Data drift is the unexpected changes in the data pattern, data structure, and semantics where the data fed into the model differs from the initial information.
The past 24 months of disruption have given a new dimension to the data drift challenge. Businesses grappled with changing consumer behaviors, leading to changing data patterns that could disrupt complete processes.
However, the question is, how can we architect for change, manage data drift and even harness its power to accelerate digital transformation for your business?
Detecting data drift
There are multiple ways to detect data drift. One of the approaches is using statistical tests that compare the distribution of baseline data to the live or production data. If we see there is a significant difference between the two distributions, then a drift has occurred.
Data drift detection can happen due to three broad things. There could be an observation gap, the freshness or relevance of data in the current time and the quality of data.
Figure 1: Data drift detection
Data can be static or dynamic, however irrespective of their nature, it is subject to variations.
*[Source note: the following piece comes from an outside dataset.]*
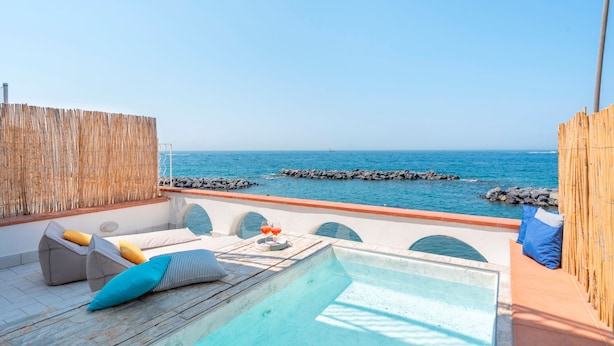 A rooftop pool with a view of the sea, lounge chairs, and a wooden fence. - Villa del Sole in Massa Lubrense (Massa Lubrense)
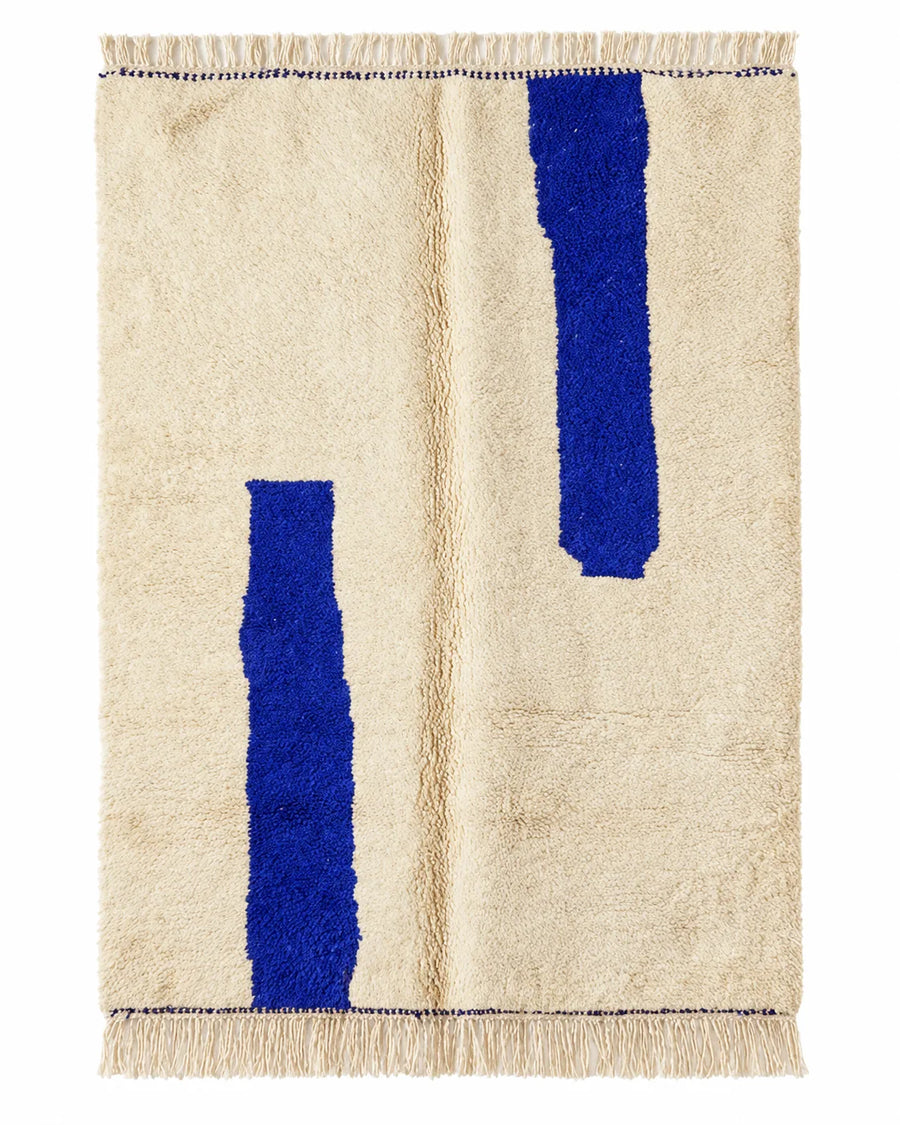Front view of Beni Ourain wool rug, two deep blue bars on a cream wool ground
What differs is the intensity of these variations. Businesses should start with data observability early to understand and spot these changes.
Observability permits teams to interpret and explain unexpected behavior and effectively and proactively manage data. Even though drift prevention may not be completely possible, it can be managed to a large extent.
At Fractal, we capture all types of drift but covariate shift is the most prevalent and widely used. This is mainly done at the feature store level to anticipate drift by comparing the distribution of representative data sets. With the right observability strategy, translates to higher reliability, improved consumer experience and scaled productivity.
With consumer behavior changing dynamically and rapidly, model performance degrades over time. Businesses must regularly check the freshness and data volume and monitor changes in the data schema. If there are any changes in the schema, it can lead to a potential data drift.
There are few models that can last for a long time, without any update, like computer vision or language models. Model quality metric is the ultimate measure and it can be accuracy, mean error rate or even downstream business KPIs.
At certain times, data fed into the serving model may be skewed or there may be distribution changes compared to the training data. Hence, we can say, that wrong data is a data quality issue. Data that is incomplete, incorrect or full of duplicates can lead to data drifts.
The main concern of data quality is if the data is ‘right’ or ‘wrong.’ A few common sources of data quality issues include:
- Incorrect data entry
- Quality control failed to remove data quality issues
- Duplicate data records created
- Data is not used or interpreted correctly
- All available data about an object was not integrated
- Data is too old to be useful in the current context
It is critical to have quality assurance for features from both ethical aspects and from anticipating the drift probability.
The industry has numerous tools, and a business has different teams. These teams use different tools to handle each component, making it difficult to keep tight integration among the data. Moreover, a hundred tools are doing the same work, and there is no clear benchmarking yet. Organizations tend to choose tools by not understanding the actual requirement. This makes things complicated.
How automation can help
The automation journey has already started. However, adoption is where businesses are facing challenges, both from technical and operational sides. Cloud providers are moving towards automation. However, 100% automation may not be possible because the more flexibility we try to bring in through automation, the more complex the engineering can get.
It is important to understand how much flexibility desirable vis-a-vis the system’s complexity is. Hence, understanding the requirement very well is the first step. It will help us estimate how much to go ahead with.
If we overcomplicate the ecosystem, it becomes difficult to manage. The art is to keep things simple and still deliver value
So, there must be a balance between flexibility and complexity. Even if businesses achieve 70 to 80% automation, that would reduce repetitive work, and ensure data quality and data monitoring. To drive results with data drift automation, we need these five pillars of AI engineering or machine learning operations in place.
5 Pillars of AI and engineering
- Solid Data curation layer (Data lake, Data warehouse)
- Feature Store and Feature QA
- Model training, Management
How can we help
At Fractal, a lot of importance is given to monitoring and observability. It is not only limited to the model but the entire machine learning lifecycle. Currently, we are implementing a monitoring ecosystem in two projects and have created complete E2E ecosystem of ML lifecycle and monitoring as part of the internal initiative of the CoE.
We used all open-source tech stacks and entirely on Kubernetes. Our goal is to move towards CNCF and use all SOTA tools with good community support.
Data scientists develop features and patterns by transforming raw data into meaningful ones. For flexibility, they resort to feature engineering. However, when data is vast and complex, they feel it is best to automate with easy-to-adapt designs. The mantra is not to complicate and find solutions where integration is seamless.
Most businesses are adopting machine learning for key business decisions. However, the limited data quality and lack of ability to evaluate the quality of data, creates trust issues. In the upcoming time, there will be a continuous transition of technology with data automation really taking off. But for all that to happen, the quality of data, simplicity and flexibility of solutions, and easy adaptability are key.
What is required is the collaborative work of data scientist and data engineers, expanding their boundaries and entering into each other’s domain to improve quality and model implementation. The key focus will remain productionization of the model with regular maintenance.